■ **RECORDS TO USE**:
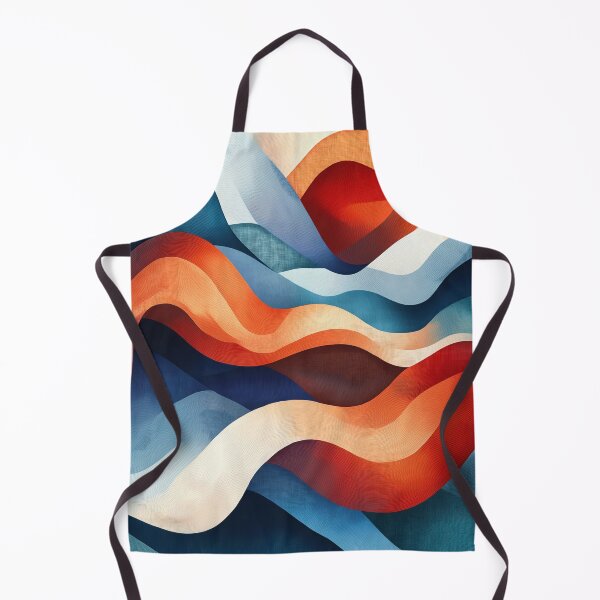Item preview,  vibrant abstract Design features a dynamic interplay of undulating shapes in shades of blue, red, orange, and white. designed and sold by HEMRO.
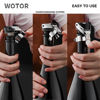 Picture of WOTOR Champagne&Wine Bottle Stoppers Stainless Steel with Food Grade Silicone, Leak Proof Keep Fresh Reusable Saver, Cork Suitable for Wine, Champagne, Cava, Prosecco and Sparkling (2 Pack Silver）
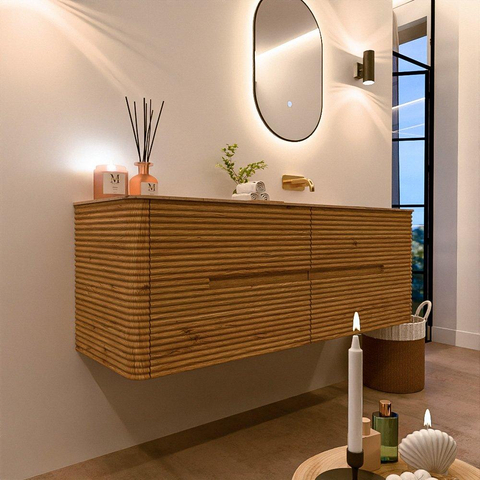Mondiaz CIRO-DLUX Badkamermeubelset - 140x45x50cm - Solid surface wastafel Arena - 1 wasbak Rechts - zonder kraangaten - 4 lades - Oak SW1531336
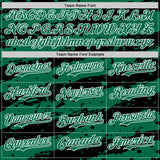 Custom Kelly Green Black-White 3D Pattern Design Paint Splash Stripe Authentic Baseball Jersey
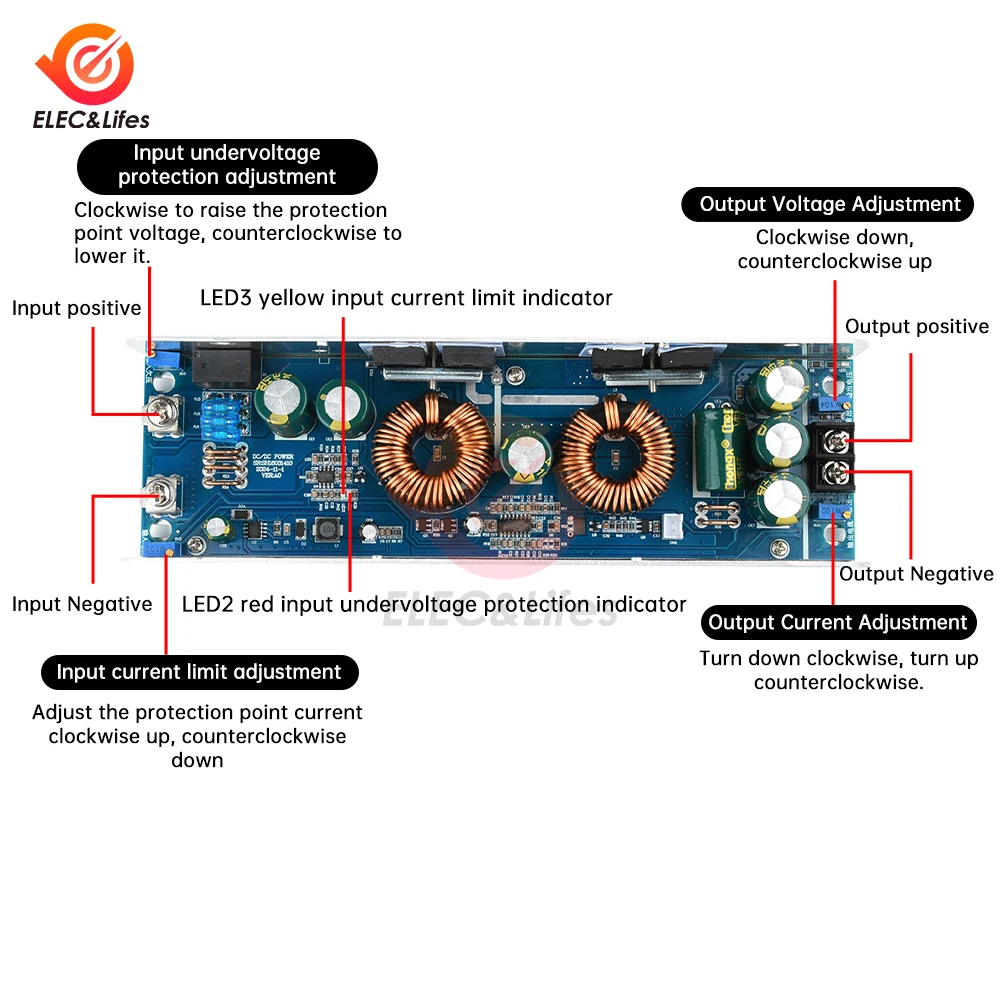 DC to DC 1000W 40A 10.5-75V to 12-85V Module Step-Up Boost Converter Constant Current Power Supply LED Driver Voltage Charger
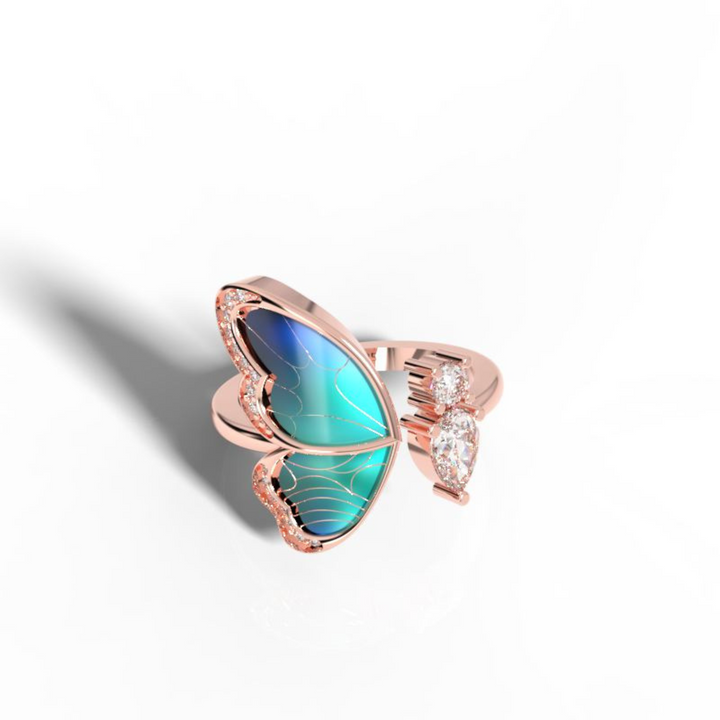 Colorful Butterfly Open Ring for Her – Hallmarked 925 Sterling Silver Rose Gold Plated | Vibrant & Elegant Jewelry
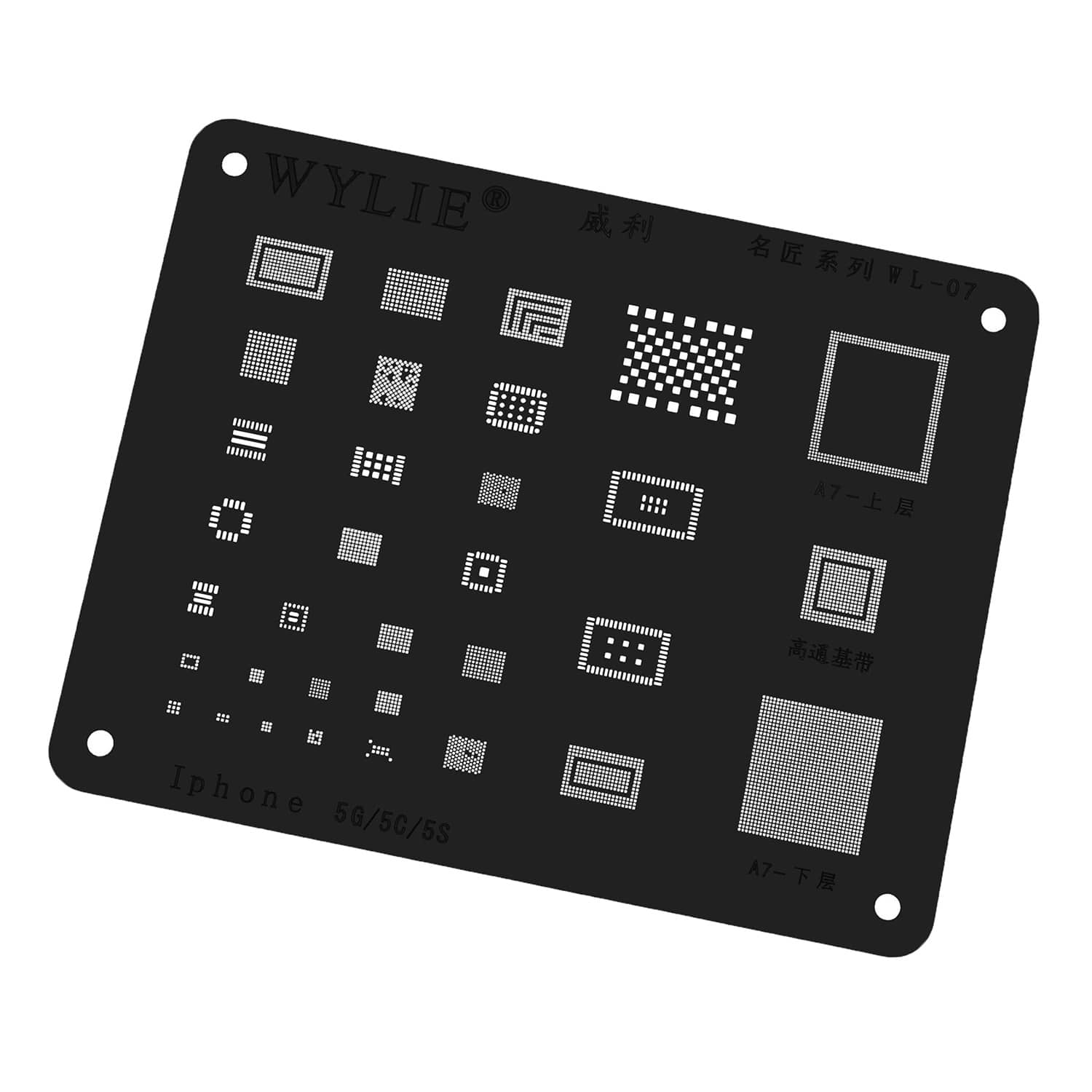WYLIE BLACK BGA REBALLING STENCIL FOR IPHONE 5/5C/5S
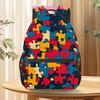 Colorful Autism Awareness Black Hand 2 Outdoor Sports Backpack, Travel Backpack, Adjustable Comfortable Shoulder Strap Sport Bac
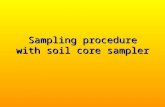 Sampling procedure with soil core sampler. The vertical soil core sampler is inserted into the soil using a heavy hammer When the soil is hard or dry,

■ **EXERCISE REQUIREMENTS**:
Find the line with "Mondiaz CIRO-DLUX Badkamermeubelset" in the data above, and from there retype each line exactly through the line with "Colorful Autism Awareness", skipping the pictures along the way.

■ **RESPONSE TO THE EXERCISE**:
Mondiaz CIRO-DLUX Badkamermeubelset - 140x45x50cm - Solid surface wastafel Arena - 1 wasbak Rechts - zonder kraangaten - 4 lades - Oak SW1531336
 Custom Kelly Green Black-White 3D Pattern Design Paint Splash Stripe Authentic Baseball Jersey
 DC to DC 1000W 40A 10.5-75V to 12-85V Module Step-Up Boost Converter Constant Current Power Supply LED Driver Voltage Charger
 Colorful Butterfly Open Ring for Her – Hallmarked 925 Sterling Silver Rose Gold Plated | Vibrant & Elegant Jewelry
WYLIE BLACK BGA REBALLING STENCIL FOR IPHONE 5/5C/5S
 Colorful Autism Awareness Black Hand 2 Outdoor Sports Backpack, Travel Backpack, Adjustable Comfortable Shoulder Strap Sport Bac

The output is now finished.